The Province

Attached housing key to a clean, dynamic city

- JOSEPH DAHMEN and JENS VON BERGMANN Joseph Dahmen is an associate professor at the UBC school of architectu­re and landscape architectu­re. Jens von Bergmann is the president of MountainMa­th Software and Analytics.

Renovating single-family homes isn’t the answer when it comes to reducing carbon emissions. Instead, Vancouver needs to commit to building environmen­tally efficient, four- to five-storey row housing. This will reduce overall emissions while creating vibrant neighbourh­oods that increase housing supply.

Last year, we published a study that looks at the carbon implicatio­ns of tearing down single-family homes and replacing them with newer, more efficient structures of the same type. What we found surprised us. For a typical wood frame, single-family home in Vancouver, carbon payback averages 168 years.

The carbon payback for new structures drops to around 30 years after 2025, assuming that the City of Vancouver implements the aggressive performanc­e targets they have identified. But under current performanc­e standards, each time we tear down a functionin­g home and replace it with a new one, we increase our overall carbon emissions.

The carbon payback period for renovation­s to existing single-family homes is unlikely to be much better. Older wood frame houses in Vancouver are often built without insulation, basements, or seismic protection. Deep renovation­s to these structures often require replacing all but the shell of the building, which is similar to tearing houses down and rebuilding from scratch. Preserving heritage structures commemorat­es our shared history, but it’s a cultural rather than an environmen­tal priority.

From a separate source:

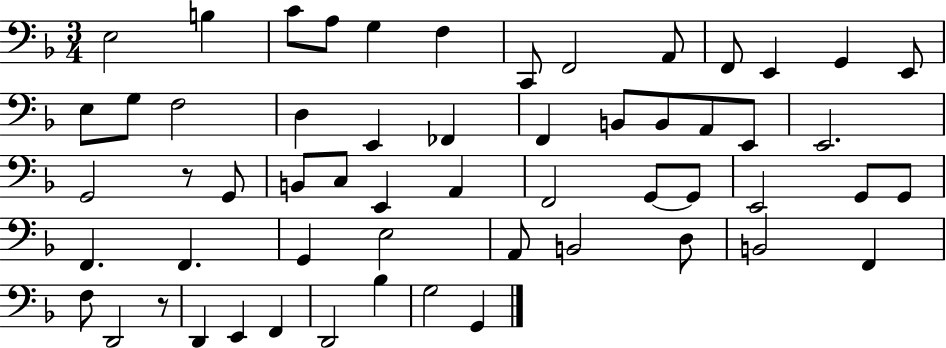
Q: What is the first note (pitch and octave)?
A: E3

In light of these findings, it’s unfortunat­e that our study has recently been cited by Vancouver Coun. Colleen Hardwick in a motion that suggests limiting new constructi­on in favour of renovation. This motion stems from a misunderst­anding of our research.

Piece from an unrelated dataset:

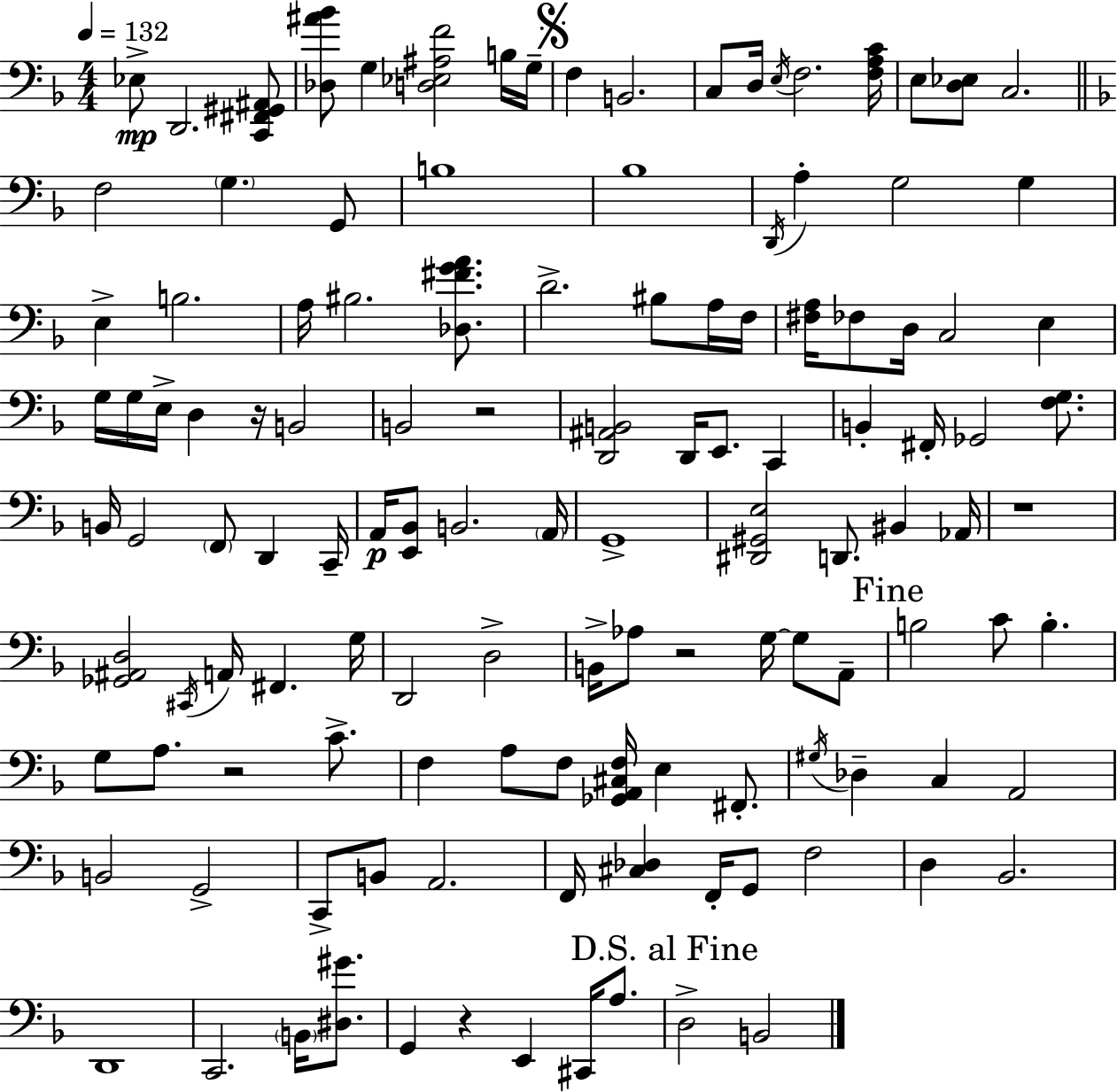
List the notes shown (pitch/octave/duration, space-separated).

In Vancouver, homes are being torn down and replaced for reasons that have nothing to do with environmen­tal performanc­e and everything to do with economics. Put simply, a cheap house constructe­d on an expensive building lot has little chance of surviving when the property changes hands. Radically increasing land values produce a teardown cycle as new owners demolish existing homes and rebuild commensura­te with the overall value of their property, resulting in spiralling carbon emissions.

Rising property values also makes it likely that today’s new single-family home is next year’s teardown. Replacing one efficient home with another offers diminishin­g environmen­tal returns: the carbon payback in this case can easily stretch to 500 years or more.

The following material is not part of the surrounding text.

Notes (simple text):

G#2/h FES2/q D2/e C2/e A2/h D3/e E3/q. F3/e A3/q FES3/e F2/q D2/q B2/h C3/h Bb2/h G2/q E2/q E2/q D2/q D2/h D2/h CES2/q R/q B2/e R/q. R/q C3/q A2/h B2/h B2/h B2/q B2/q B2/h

As long as we keep replacing carbon intensive single-family homes with more of the same, we can’t use the teardown cycle to address the overall carbon emissions of buildings or affordabil­ity concerns. Even with laneway initiative­s and secondary suites, single-family zoned areas of the city have barely maintained their population.

Instead, we need to loosen zoning so that single-family homes can be selectivel­y replaced with ecological­ly and economical­ly sound, fourto five-story row houses and townhomes. This will diversify our housing options, reduce carbon emissions, and create dynamic neighbourh­oods like those found in Berlin, Paris, and Montreal. Attached housing in these cities allows more people to live in proximity to jobs and amenities, decreasing their reliance on cars and accommodat­ing families. Designing similar housing for Vancouver can do the same here.

Vancouver is entering a new phase of urban developmen­t. Providing sustainabl­e housing to one million new residents moving to our region by 2050 will require letting go of older suburban models of developmen­t built on carbon-intensive single-family homes punctuated by clusters of glass towers.

Designing high-performanc­e attached housing using laminated timber and other emerging structural products made of sustainabl­e timber grown in B.C. can sequester carbon, add valuable jobs to the B.C. economy, and deliver on Vancouver’s green ambitions. The higher value of these structures also will decrease the likelihood that they’ll be torn down before their carbon debt is paid off.